Así que ahora, en un mundo que se cree más democrático, más participativo gracias a las redes sociales, lo que ocurre es que los regímenes totalitarios tienen las manos mucho más libres que hace cincuenta años para hacer y deshacer a su antojo.

Alguien dirá que el “periodismo ciudadano” puede servir para cubrir el espacio que ya no ocupan los periodistas profesionales. Es un error. En primer lugar, porque el testigo presencial sólo tiene una visión parcial de los hechos. La imagen del estallido de un coche bomba o de un reguero de cadáveres al borde de una carretera nada tienen que ver con la cobertura informativa de un conflicto, para lo que es necesario el contexto y el contraste de la información que sólo puede aportar un periodista. Por otro lado, las imágenes transmitidas de forma anónima o con nombre supuesto son fácilmente manipulables. En los periódicos estamos ya habituados a recibir pequeños vídeos que forman parte de operaciones de propaganda y manipulación.

La tecnología, en lugar de hacer factible un mundo más global en el que los valores de libertad, democracia y respeto a los derechos humanos trascendieran los límites de los países desarrollados, ha facilitado la labor de los que pretenden acallar a la disidencia y ocultar sus aberrantes prácticas.
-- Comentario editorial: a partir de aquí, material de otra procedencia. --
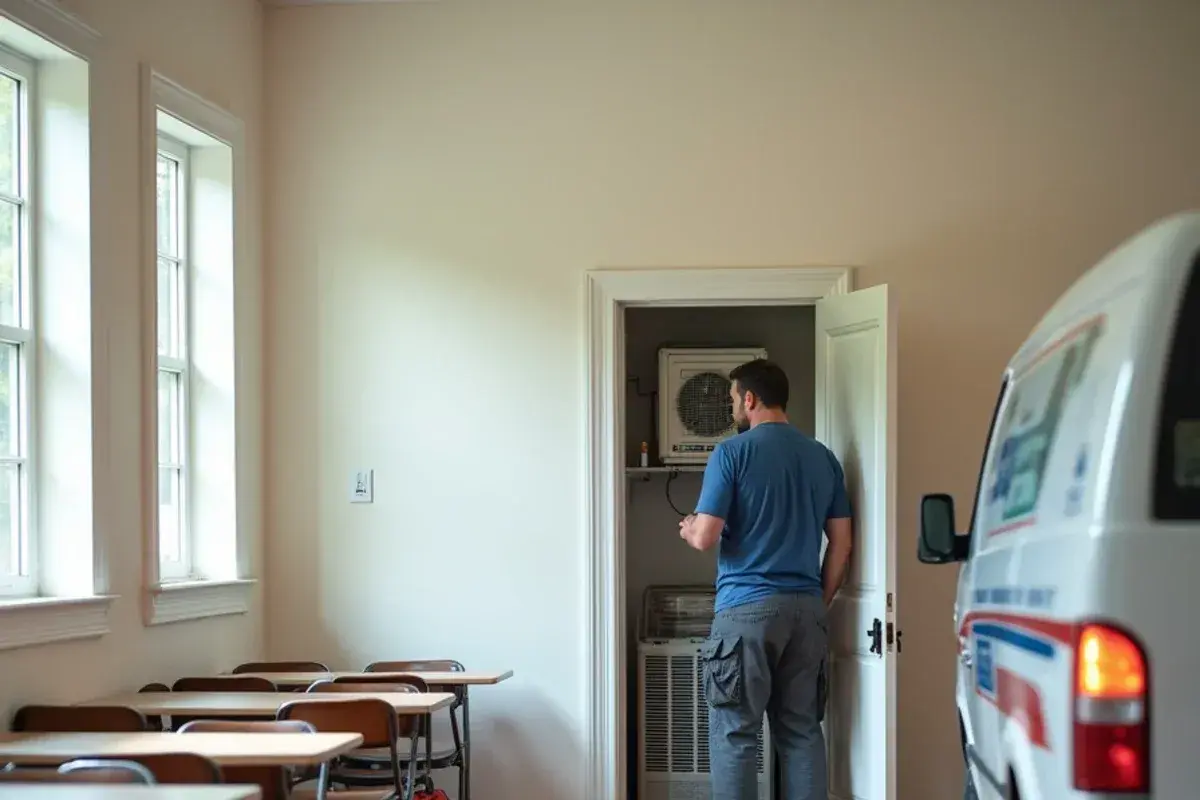 Church fellowship hall with a split-system air handler closet open for service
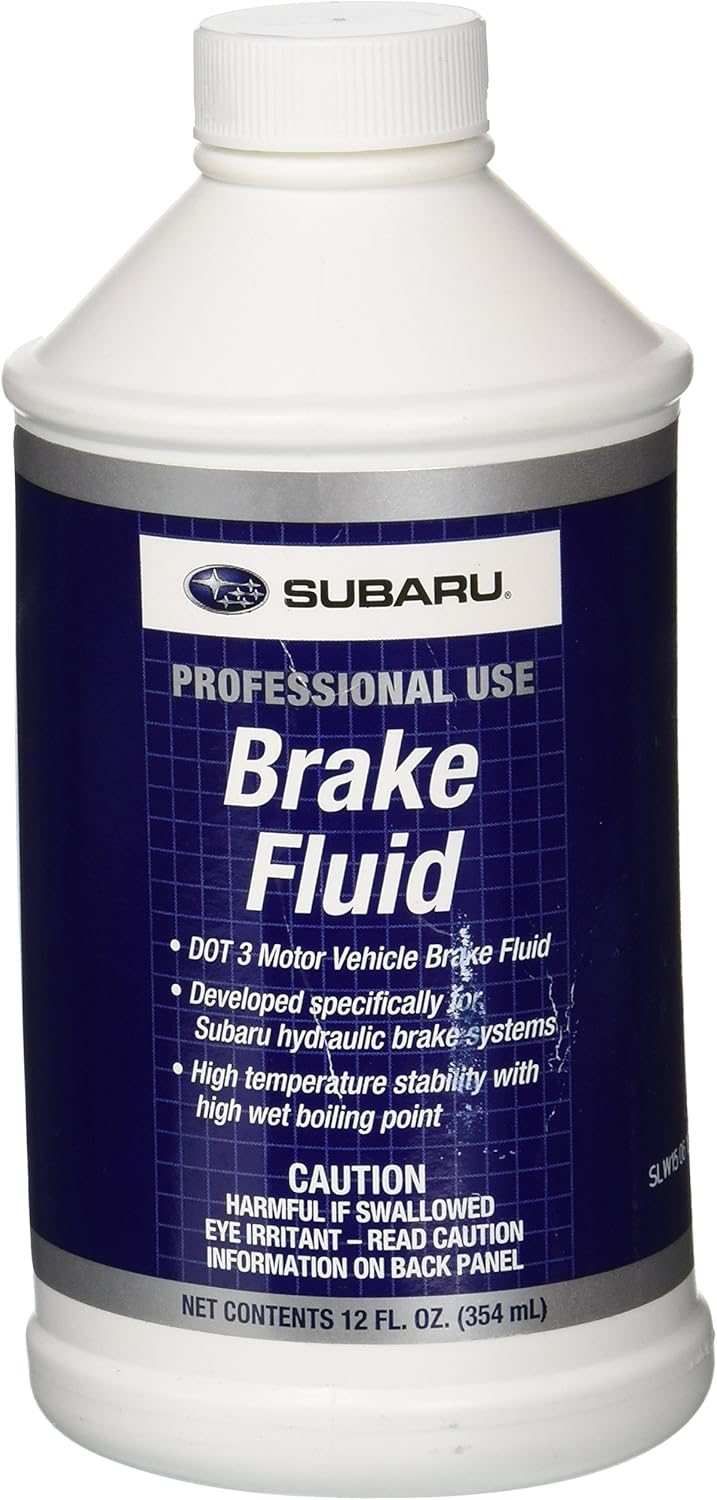 Subaru Genuine DOT 3 Brake Fluid 12 Fluid Ounce bottle front view showing part number and warning labels.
Aunque parezca contradictorio, esa es la verdad.

Algunos gobiernos, algunos líderes de opinión, viven plácidamente en la autocomplacencia, y han perdido no sólo la capacidad de autocrítica, sino la perspectiva del momento histórico que estamos viviendo.
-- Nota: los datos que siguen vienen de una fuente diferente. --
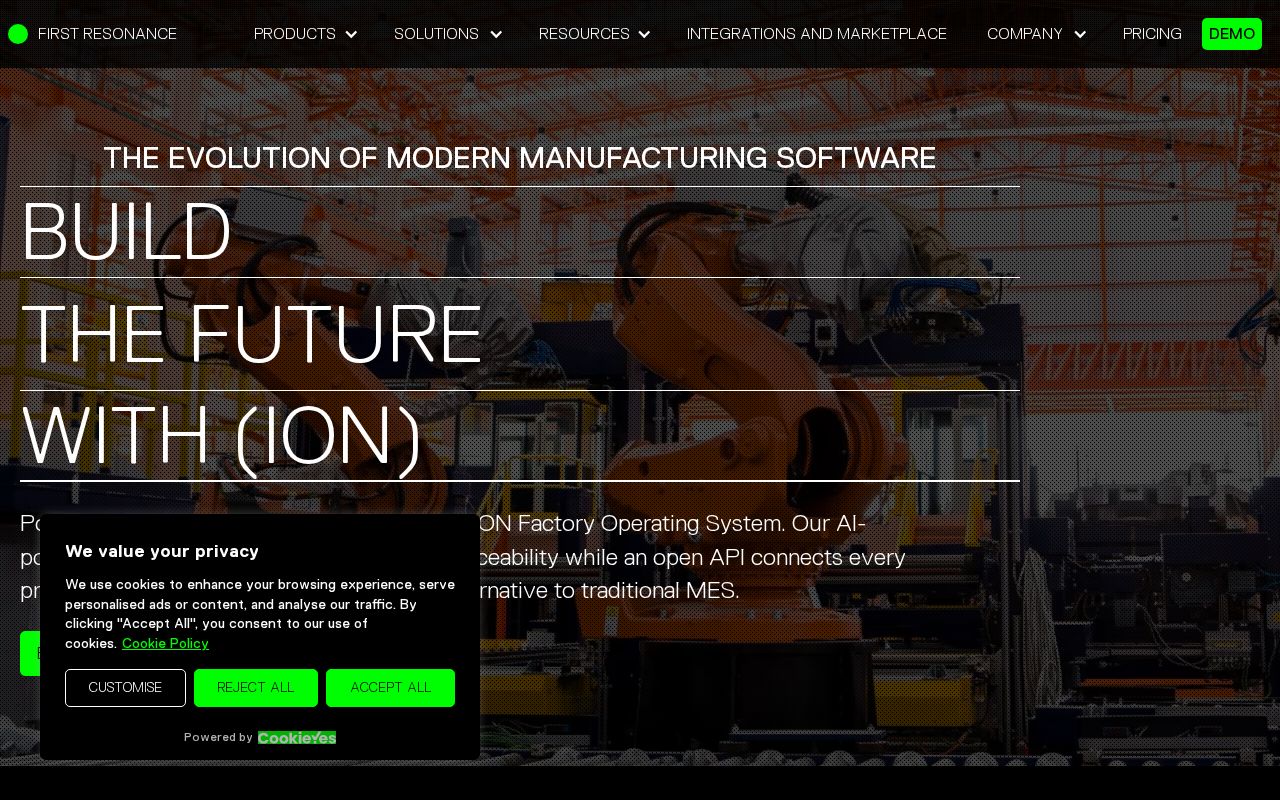 The firstresonance.io homepage, first screen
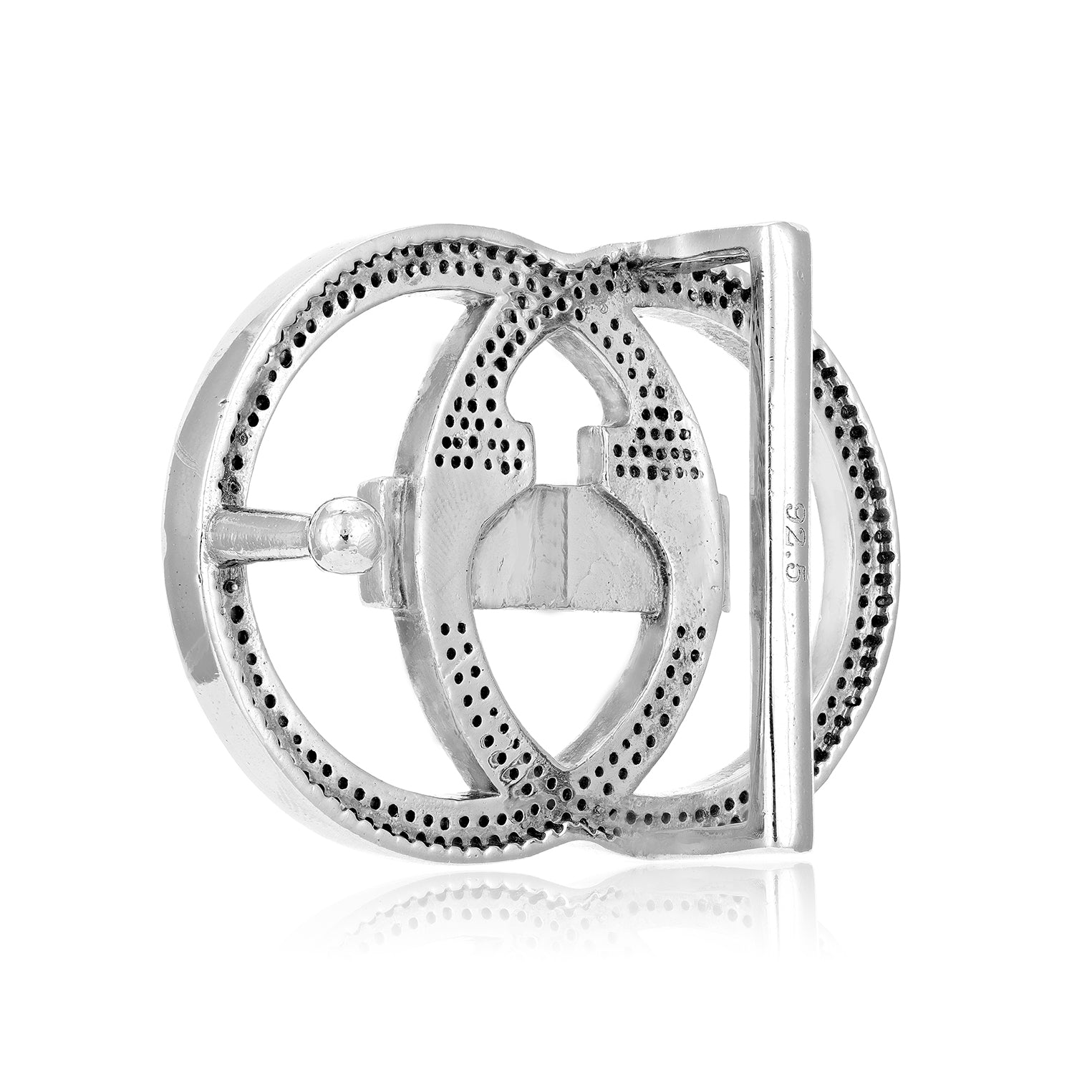 Crystal Interlocking Oval Sterling Silver Belt Buckle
Sólo hay que echar una ojeada a nuestro alrededor y ver el creciente potencial de los países autoritarios, en los que sólo existe la opinión del gobierno, y los opositores están condenados a la cárcel o al exilio.

En lugar de agitar las conciencias y hacer que los ciudadanos aprendan a valorar la libertad y se preocupen porque ese bien preciado se respete en otros lugares, nos estamos acostumbrando a cerrar los ojos y sólo ver lo que nos resulta placentero o nos divierte.